■ **Material for this exercise**:
================================

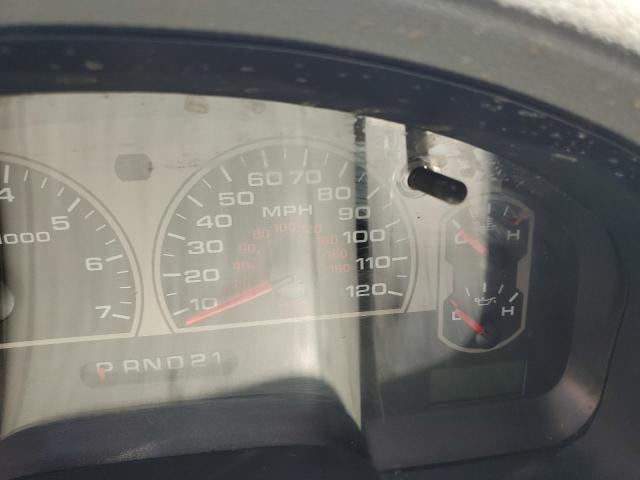 2006 Ford F150 VIN: 1FTPX12V56NB41618 Lot: 47432784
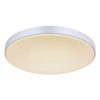 moderne-witte-plafondlamp-rond-globo-sonny-41586-18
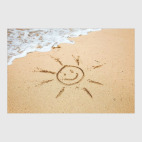 Любовь это...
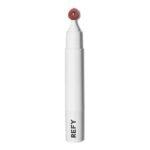 REFY-  ROSA 3.5mL أحمر الشفاه ريفي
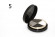 Tени для глаз 4 в 1 Chanel Les 4 Ombres 16g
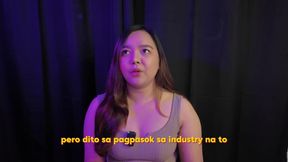 Why I Regret Being Adult Content Creator - Sharinami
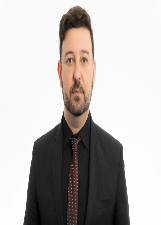 Foto de THIAGO GANDRA DE OLIVEIRA LACERDA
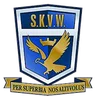 Logo Victoria Wanderers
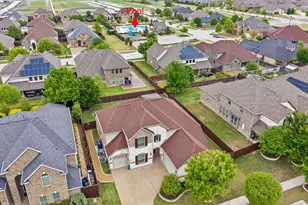 9886 Atlantic Ln, Frisco, TX 75035 - Photo 31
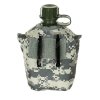Láhev polní US 1L ACU DIGITAL - MFH  Army shop
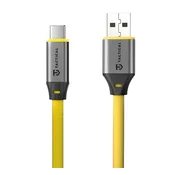Kabel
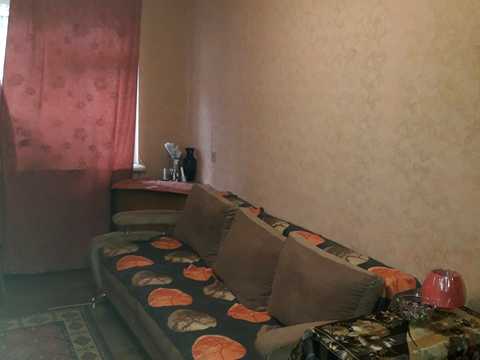 квартира за адресою Миколи Василенка вул., 14-Б
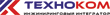 Tehnokom_logo_new.png
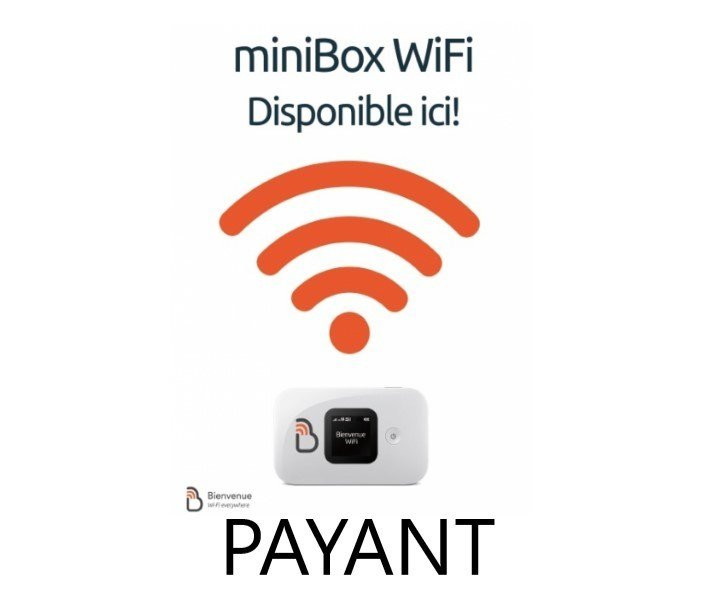 _clients_106517002_photos_160n_8153852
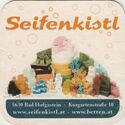 Seifenkistl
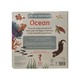 Pop-Up Peekaboo Ocean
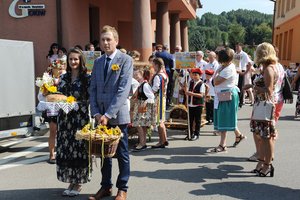 Święto Plonów 2019 - 0363.jpg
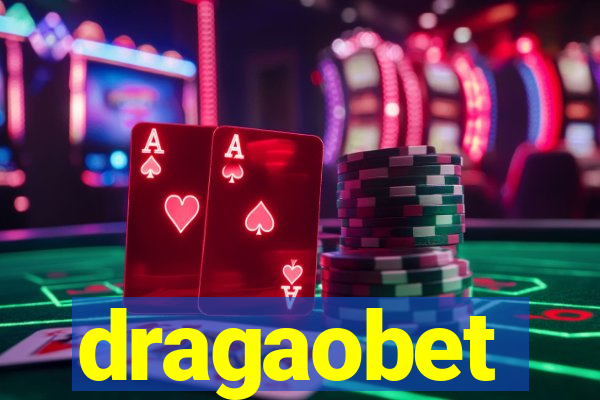 dragaobet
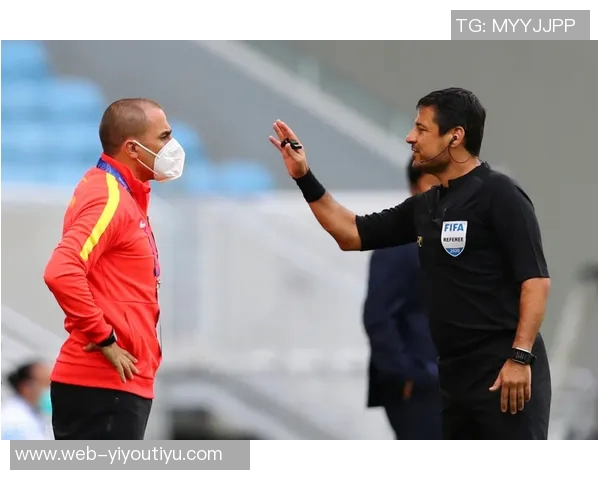 卡纳瓦罗谈中国球员留洋意愿称在国内当明星生活十分美好 卡纳瓦罗谈中国球员留洋意愿称在国内当明星生活十分美好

================================

■ **Exercise instructions**:
Beginning with the line containing "Любовь это..." and ending with the last line of the material, output each line exactly; do not include pictures.

■ **Your solution**:
 Любовь это...
 REFY-  ROSA 3.5mL أحمر الشفاه ريفي
 Tени для глаз 4 в 1 Chanel Les 4 Ombres 16g
 Why I Regret Being Adult Content Creator - Sharinami
 Foto de THIAGO GANDRA DE OLIVEIRA LACERDA
 Logo Victoria Wanderers
 9886 Atlantic Ln, Frisco, TX 75035 - Photo 31
Láhev polní US 1L ACU DIGITAL - MFH  Army shop
Kabel
 квартира за адресою Миколи Василенка вул., 14-Б
 Tehnokom_logo_new.png
 _clients_106517002_photos_160n_8153852
 Seifenkistl
 Pop-Up Peekaboo Ocean
 Święto Plonów 2019 - 0363.jpg
 dragaobet
 卡纳瓦罗谈中国球员留洋意愿称在国内当明星生活十分美好 卡纳瓦罗谈中国球员留洋意愿称在国内当明星生活十分美好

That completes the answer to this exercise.